**GOAL OF THE EXERCISE**:
Exactly the lines below from the one with "Yacht Photos Pics" up to and including the one with "New With Tag" make up the answer, with nothing else added.

Segment Start: DATA FOR ANALYSIS

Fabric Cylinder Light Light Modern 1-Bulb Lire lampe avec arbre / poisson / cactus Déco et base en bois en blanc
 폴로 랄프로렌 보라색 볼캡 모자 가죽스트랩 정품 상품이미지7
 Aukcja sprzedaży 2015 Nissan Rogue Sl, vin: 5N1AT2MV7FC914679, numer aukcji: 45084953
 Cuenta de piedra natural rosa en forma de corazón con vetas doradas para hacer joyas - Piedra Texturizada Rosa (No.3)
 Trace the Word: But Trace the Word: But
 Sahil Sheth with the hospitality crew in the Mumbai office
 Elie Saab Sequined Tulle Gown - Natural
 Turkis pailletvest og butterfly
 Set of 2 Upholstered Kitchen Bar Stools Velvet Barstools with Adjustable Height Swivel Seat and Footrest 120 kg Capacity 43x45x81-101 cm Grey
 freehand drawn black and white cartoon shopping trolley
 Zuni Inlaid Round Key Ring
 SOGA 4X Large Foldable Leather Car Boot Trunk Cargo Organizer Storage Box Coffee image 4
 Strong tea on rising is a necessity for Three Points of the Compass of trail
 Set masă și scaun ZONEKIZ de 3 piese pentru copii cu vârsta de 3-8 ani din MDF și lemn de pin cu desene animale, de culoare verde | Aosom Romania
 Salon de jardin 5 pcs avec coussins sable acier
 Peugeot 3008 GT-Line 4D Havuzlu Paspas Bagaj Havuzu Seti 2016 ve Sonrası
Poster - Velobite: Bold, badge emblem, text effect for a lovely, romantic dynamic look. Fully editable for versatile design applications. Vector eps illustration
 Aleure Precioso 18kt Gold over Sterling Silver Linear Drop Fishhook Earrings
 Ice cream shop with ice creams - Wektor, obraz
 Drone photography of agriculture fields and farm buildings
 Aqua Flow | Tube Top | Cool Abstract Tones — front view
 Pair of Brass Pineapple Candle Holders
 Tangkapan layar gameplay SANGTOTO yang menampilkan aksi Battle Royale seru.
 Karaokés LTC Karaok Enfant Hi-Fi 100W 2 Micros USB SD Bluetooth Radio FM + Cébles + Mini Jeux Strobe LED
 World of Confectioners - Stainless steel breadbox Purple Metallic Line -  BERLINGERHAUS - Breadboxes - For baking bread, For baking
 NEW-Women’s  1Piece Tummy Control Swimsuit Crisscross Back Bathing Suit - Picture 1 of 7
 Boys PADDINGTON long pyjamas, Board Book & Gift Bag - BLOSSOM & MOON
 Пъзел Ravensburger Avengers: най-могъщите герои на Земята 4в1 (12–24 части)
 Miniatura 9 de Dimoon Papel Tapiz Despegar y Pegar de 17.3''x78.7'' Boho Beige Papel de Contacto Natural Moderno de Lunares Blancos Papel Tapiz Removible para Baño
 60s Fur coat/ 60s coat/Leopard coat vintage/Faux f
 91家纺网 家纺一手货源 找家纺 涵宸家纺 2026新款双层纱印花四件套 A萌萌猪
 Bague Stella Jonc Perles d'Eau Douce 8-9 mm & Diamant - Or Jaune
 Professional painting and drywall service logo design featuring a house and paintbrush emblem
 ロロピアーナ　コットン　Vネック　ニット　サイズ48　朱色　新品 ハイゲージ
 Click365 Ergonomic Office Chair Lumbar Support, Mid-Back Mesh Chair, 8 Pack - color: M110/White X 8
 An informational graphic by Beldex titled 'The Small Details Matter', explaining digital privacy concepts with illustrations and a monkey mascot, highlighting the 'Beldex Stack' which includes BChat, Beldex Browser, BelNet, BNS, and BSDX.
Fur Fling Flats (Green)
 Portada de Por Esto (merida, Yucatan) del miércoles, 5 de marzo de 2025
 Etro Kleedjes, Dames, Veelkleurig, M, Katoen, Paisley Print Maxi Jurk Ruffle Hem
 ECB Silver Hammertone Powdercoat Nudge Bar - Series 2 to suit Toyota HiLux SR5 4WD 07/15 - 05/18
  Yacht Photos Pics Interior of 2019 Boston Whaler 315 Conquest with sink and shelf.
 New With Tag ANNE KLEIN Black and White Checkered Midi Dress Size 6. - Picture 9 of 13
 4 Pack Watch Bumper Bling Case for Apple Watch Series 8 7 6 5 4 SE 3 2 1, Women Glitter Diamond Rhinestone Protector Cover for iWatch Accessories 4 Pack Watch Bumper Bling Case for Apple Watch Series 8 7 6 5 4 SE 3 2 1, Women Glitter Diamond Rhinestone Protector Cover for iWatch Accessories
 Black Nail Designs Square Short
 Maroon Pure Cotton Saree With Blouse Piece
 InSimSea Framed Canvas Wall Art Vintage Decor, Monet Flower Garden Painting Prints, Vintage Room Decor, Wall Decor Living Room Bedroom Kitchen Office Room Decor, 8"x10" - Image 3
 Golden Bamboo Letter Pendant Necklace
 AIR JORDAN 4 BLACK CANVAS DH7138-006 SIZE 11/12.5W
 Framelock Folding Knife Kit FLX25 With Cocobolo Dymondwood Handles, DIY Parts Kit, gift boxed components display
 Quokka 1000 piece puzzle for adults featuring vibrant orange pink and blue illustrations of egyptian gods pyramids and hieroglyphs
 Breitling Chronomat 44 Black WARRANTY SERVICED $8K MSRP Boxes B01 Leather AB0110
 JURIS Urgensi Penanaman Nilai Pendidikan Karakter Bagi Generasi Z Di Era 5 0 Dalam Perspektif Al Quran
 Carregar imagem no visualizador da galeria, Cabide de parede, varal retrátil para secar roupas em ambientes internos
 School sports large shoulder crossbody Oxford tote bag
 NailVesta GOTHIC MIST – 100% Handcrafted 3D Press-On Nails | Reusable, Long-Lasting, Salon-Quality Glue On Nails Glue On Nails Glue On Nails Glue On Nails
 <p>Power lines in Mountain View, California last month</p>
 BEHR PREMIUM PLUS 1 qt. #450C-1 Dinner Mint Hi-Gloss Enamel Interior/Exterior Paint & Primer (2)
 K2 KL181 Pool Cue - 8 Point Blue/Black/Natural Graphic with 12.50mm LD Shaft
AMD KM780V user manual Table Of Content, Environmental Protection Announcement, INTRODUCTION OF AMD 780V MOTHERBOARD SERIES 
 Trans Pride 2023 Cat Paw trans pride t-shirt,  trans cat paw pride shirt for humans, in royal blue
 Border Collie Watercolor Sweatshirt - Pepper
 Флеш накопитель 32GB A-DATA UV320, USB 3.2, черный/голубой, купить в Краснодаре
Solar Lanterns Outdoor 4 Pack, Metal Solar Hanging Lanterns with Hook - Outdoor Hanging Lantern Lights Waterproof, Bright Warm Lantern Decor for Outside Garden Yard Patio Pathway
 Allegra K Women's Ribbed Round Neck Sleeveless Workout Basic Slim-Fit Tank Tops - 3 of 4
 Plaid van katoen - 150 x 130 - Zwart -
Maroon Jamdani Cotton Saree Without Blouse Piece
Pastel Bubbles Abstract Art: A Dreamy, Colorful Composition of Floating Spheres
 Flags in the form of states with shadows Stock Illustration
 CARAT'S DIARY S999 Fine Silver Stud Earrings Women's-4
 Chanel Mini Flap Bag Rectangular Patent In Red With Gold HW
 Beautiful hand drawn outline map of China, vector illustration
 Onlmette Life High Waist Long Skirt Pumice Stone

Segment End: DATA FOR ANALYSIS

**WRITTEN SOLUTION**:
  Yacht Photos Pics Interior of 2019 Boston Whaler 315 Conquest with sink and shelf.
 New With Tag ANNE KLEIN Black and White Checkered Midi Dress Size 6. - Picture 9 of 13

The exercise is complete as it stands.